Paper I addresses cisplatin resistance in ovarian cancer. We found that combining cisplatin with the HSP90 inhibitor onalespib enhances sensitivity by increasing DSB levels, inducing apoptosis, and causing G2/M arrest, making it a promising strategy. Paper II focuses on glioblastoma (GBM), an aggressive brain tumor with limited treatment options. We demonstrated that onalespib enhances radiosensitivity in 2D and 3D GBM models by increasing DSB levels, promoting apoptosis, and altering protein expression, suggesting that HSP90 inhibition could improve radiotherapy outcomes. Paper III investigates the alpha emitter Ra-223, used in bone-metastatic prostate cancer. Our findings revealed that Ra-223 generates clustered DSBs, triggering NHEJ activation, growth inhibition, and apoptosis in prostate cancer cells, with no detectable cellular uptake. Paper IV explores pharmacological ascorbate (Asc) effect on NHEJ pathway. We found that Asc induces delayed DSBs, extensive pan-nuclear γH2AX formation, necrosis, and G2/M arrest in colorectal cancer cells, with stronger effects in XRCC4 KO cells. We concluded that Asc does not generate prompt DSBs, and the delayed DSBs are linked to necrotic nuclear degradation, with sensitivity influenced by cell cycle regulation rather than NHEJ deficiency. Paper V examines NHEJ’s role in repairing DSBs of varying complexity in colorectal cancer cells. Wild-type cells exhibited both fast and slow repair kinetics, while NHEJ-deficient cells showed only a fast repair phase, followed by repair failure. Non-DSB clusters increased as the DSB:SSB ratio decreased (from calicheamicin to X-rays, bleomycin, etoposide, and temozolomide). These clusters were rapidly removed, independent of NHEJ, highlighting the impact of DSB type/complexity on repair efficiency.

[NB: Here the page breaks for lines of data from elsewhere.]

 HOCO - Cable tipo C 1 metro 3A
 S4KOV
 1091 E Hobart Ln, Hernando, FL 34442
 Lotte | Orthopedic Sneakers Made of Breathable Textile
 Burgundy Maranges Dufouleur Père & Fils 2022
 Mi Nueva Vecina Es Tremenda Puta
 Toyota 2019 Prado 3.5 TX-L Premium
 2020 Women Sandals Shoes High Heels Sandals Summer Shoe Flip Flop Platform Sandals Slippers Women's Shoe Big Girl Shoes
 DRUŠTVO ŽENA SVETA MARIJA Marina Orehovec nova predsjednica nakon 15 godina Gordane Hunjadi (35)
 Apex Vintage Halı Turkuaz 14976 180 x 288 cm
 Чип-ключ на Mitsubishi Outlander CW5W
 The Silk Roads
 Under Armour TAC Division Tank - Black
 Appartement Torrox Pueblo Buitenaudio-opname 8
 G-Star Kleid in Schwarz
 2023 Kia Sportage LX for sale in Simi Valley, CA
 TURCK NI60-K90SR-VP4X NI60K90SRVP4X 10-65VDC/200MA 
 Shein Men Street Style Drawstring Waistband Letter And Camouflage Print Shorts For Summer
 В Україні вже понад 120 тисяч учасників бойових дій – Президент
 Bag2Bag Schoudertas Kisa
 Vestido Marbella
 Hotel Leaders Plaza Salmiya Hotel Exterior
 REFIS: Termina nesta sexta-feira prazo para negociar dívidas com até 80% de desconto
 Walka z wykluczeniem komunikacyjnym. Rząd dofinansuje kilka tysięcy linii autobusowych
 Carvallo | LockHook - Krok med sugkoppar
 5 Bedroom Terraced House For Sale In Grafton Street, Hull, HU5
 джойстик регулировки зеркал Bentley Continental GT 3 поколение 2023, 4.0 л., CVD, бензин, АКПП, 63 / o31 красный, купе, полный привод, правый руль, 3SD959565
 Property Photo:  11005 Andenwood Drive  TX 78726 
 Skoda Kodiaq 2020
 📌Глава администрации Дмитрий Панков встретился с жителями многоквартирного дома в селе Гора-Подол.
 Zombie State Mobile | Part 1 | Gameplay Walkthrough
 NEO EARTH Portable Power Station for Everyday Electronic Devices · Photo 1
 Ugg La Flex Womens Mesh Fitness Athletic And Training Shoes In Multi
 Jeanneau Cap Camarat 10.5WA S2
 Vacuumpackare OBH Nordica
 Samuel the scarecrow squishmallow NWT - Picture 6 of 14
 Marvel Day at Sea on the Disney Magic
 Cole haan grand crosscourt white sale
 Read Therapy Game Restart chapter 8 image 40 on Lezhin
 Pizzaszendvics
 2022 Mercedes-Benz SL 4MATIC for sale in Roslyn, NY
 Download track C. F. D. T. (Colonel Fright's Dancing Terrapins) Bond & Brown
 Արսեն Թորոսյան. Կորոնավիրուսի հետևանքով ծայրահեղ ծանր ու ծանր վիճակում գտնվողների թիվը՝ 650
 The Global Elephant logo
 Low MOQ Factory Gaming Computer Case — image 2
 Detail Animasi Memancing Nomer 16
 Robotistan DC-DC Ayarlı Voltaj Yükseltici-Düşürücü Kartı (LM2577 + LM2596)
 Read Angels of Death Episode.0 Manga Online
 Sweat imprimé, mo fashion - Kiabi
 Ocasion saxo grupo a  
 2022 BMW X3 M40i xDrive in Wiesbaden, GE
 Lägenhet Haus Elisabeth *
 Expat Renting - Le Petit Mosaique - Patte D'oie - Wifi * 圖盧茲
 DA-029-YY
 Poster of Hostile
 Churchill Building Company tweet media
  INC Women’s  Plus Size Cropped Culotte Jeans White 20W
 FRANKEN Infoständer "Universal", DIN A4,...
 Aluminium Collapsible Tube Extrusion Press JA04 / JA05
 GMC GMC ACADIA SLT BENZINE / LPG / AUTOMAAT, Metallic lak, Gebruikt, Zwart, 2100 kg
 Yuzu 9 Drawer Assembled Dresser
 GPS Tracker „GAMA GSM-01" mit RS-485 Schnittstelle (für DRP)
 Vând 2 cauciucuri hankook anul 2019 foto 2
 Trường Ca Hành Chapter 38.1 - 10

In conclusion, this thesis presents strategies to overcome cisplatin resistance, enhance radiosensitivity in GBM, and elucidate Ra-223 toxicity mechanisms in prostate cancer. It also examines Asc’s effects on DSB induction and repair and reveals NHEJ’s role in processing complex DSBs. Our findings provide new insights into optimizing DSB repair and therapeutic strategies in cancer treatment.